We are pleased to welcome back Miranda Butler from her year as a Judicial Assistant to Lord Kerr JSC. Miranda has written about her experience at the Supreme Court below.
If you wish to instruct Miranda please contact the clerks on 0207 415 7800.
‘Black spider’ letters, terrorists and the benefit cap all featured during my time as the Judicial Assistant to Lord Kerr JSC at the Supreme Court. The Court recruits annually for seven Judicial Assistants, all of whom have to be qualified lawyers, to work closely with either one or two of the Supreme Court Justices (the most senior four Justices are allotted a single Judicial Assistant while the more junior members of the Court are obliged to share). Judicial Assistants work closely with their appointed Justice; sitting with them in court, doing legal research, helping with applications for permission to appeal and writing extra-judicial speeches. Above all, the Judicial Assistant’s role is to be a legally-trained sounding board, discussing cases and points of law with the judges and helping them formulate their judgments.
I was allocated to Lord Kerr, the sole Justice from Northern Ireland. Lord Kerr called to the Bar in Northern Ireland, where he took silk at the astonishingly young age of 35 and went on to the Lord Chief Justice before being appointed to the House of Lords.

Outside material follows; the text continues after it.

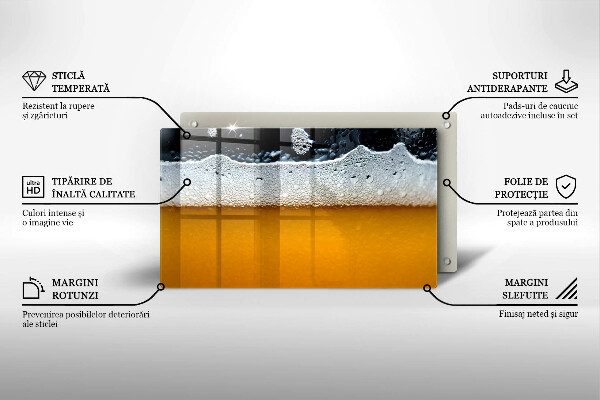 Sklo za sporák Pijte pivní pěnu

He is famous for his frequent dissents and my year with him was no exception. Amongst others, he dissented on R (Carlile) v Secretary of State for the Foreign and Commonwealth Office, arguing that the exclusion of a dissident Iranian politician invited to speak to Parliamentarians was unlawful and in Behgal v DPP that the power under Schedule 7 of the Terrorism Act to stop, question and detain individuals at ports and borders was not lawful on the basis of its potential for arbitrary or discriminatory use. He stirred up great debate in the legal world by holding in his dissenting judgment on the benefit cap in R (SG) v Secretary of State for Work and Pensions that unincorporated human rights treaties should have direct effect in law. However, he was firmly in the majority on R (Evans) v Attorney General in ordering the disclosure of Prince Charles’ letters to the government. Despite being ferociously intelligent and hardworking, Lord Kerr was always extremely kind and easy to approach, even in disagreement. It was a real pleasure as well as a great privilege to work with him.
The Judicial Assistant Scheme is a unique opportunity for young lawyers to be exposed to some of the brightest minds and most interesting cases in the legal profession today. As well as being a fantastic professional opportunity, it is a very enjoyable year and I have come out of it with seven firm friends. Applications usually open in February and I would highly recommend anyone who is interested to apply.